Hits like Stayin’ Alive, Night Fever or How Deep Is Your Love sung beautifully, and wonderfully constructed and danced choreography in shiny disco costumes, and three exceptional performances in the main roles. That is the currency of the new Brno musical Saturday Night Fever. The director Stanislav Moša staged it in the Municipal Theatre.
The theatre version of the film Saturday Night Fever, which became famous in 1977 for the dance numbers of John Travolta and the hits of the sibling group the Bee Gees, also tells the story of the youngster from Brooklyn, Tony Maner. This teenager’s only interest is to spend the weekend at the discotheque - using Saturday dances, drugs and sex to forget the drudgery of life. The theatre adaptation of the film had its premiere in London in 1998, followed by productions on Broadway and in Prague’s Kalich Theatre in 2014 among others.
Already last year in the summer Moša prepared an open-air version of this disco musical at Switzerland’s Walensee Lake, which however was, in terms of musicians, of a more chamber character. There were seven people playing in the place of a thirty-member orchestra. But back to Brno … The local excellent sounding version opens a window (in the form of a video projection) on the complicated social-economic-political context underlying the apparently carefree tale set in the United States in the 1970s. A time when the hard dollar softened, and certainties were lost … Carter’s speech on a crisis of confidence alternates with a slide show of significant events, which cast doubt on the stability of this decade in the USA …
Even despite this deeper image the Brno production of the musical is not analytical or journalistic musical theatre. It is in particular about the love, family and work problems of the central hero in this somewhat shallow tale. But here this is primarily about dance, disco music and songs, which this production offers to a large degree, and does not play on deep-thinking social inquiry. The director does not go for any pointless modernisation. And another of the benefits of Moša’s production is the minutely simulated atmosphere of the America of the seventies or – if you like – the theatrically materialised times when people moved to the rhythm of disco on the dance floor. What more could one want from a musical?

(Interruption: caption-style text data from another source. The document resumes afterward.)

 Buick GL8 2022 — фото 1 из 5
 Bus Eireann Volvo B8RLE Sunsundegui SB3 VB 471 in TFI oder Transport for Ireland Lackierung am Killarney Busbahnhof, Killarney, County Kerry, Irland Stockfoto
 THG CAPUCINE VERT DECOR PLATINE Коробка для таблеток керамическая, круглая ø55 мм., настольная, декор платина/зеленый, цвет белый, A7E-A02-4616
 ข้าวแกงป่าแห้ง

However this musical in Brno does not completely give up on the communication of certain messages. One of these could be the successful set by Christoph Weyers, who framed the stage outside with the huge bridge leading from Brooklyn to Manhattan. This bridge appears on the stage. It is not only a link between two worlds; it is a transition that symbolises the hero's journey into adulthood, and is also is the backdrop for the tragic suicide of his friend. The costumes by Andrea Kučerová are also successful, which work with the ambivalence of settled normal fashion and shiny sexy outfits, in which young people experience their Saturday night fever.

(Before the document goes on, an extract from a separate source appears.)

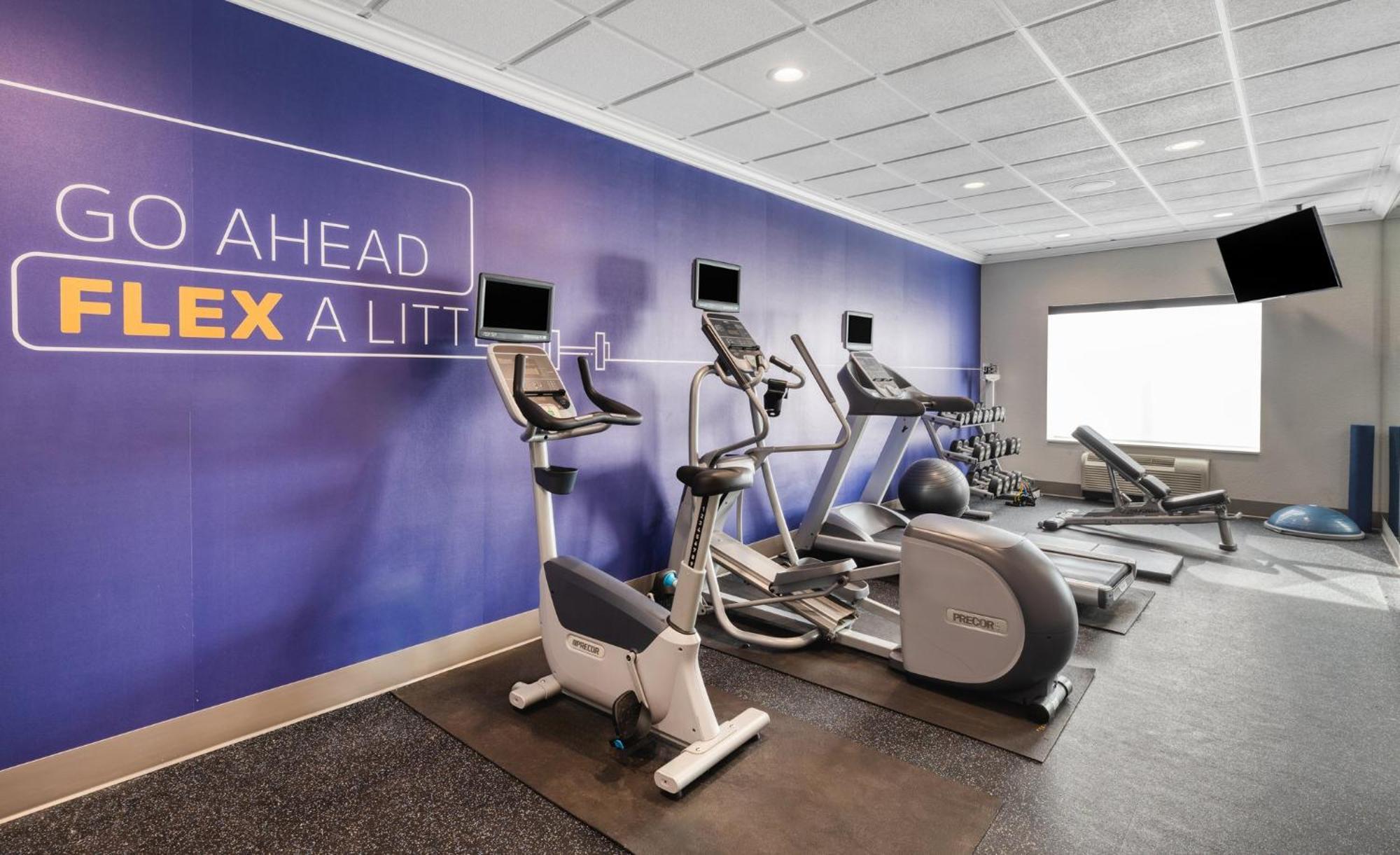 Holiday Inn Express & Suites - Green Bay East By Ihg Bagian luar foto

Among the other positives of Moša’s production is the choreography by Igor Barberić, which especially in the ensemble scenes did not content itself with mere dusted-off disco dances. Barberić’s choreography has an original style, which holds the production together, it is both imaginative and modern though it works with references to the past and also uses the classic Latin American dances. However what is essential is a bravura performance of the choreographer’s vision, which the whole company, including the soloists, manage faultlessly.
And there are also the solo numbers which at the first premiere (the remaining cast have my apologies) made of the evening truly an experience. The uncrowned king of the performance was Kristian Pekar in the main role of Tony Maner. Aside from his dancing and vocal virtuosity, what was of great value in this role was his grasp of the acting. Here you do not have a cheap imitation of the iconic Travolta, who constantly adjusts his gelled hair. Pekar found his own extremely compelling expression, giving one of his best performances here. When Pekar is on stage it is simply impossible to believe that Saturday Night Fever was not written specifically for him.
Other great performance on the evening came from the women. Viktórie Matušovová in the role of the disco queen Gloria with her masterful singing earned her applause in the opening scene. With this power you already look forward to each further entrance of the young actress in this demanding vocal part. Dagmar Křížová made her solo musical number as Annette an experience. Her entrance was an example of great singing with thoughtful and structured dosing of emotions. All the songs are so eloquent that the producers are to be praised for leaving them in in the original English version and without a slavish Czech translation. You will enjoy these songs in their original form even if you do not speak English. It is thus easy to understand how and why this rather thin plot works. Concerning Moša’s production as a whole one can only add: in this packaging disco and the musical can be recommended.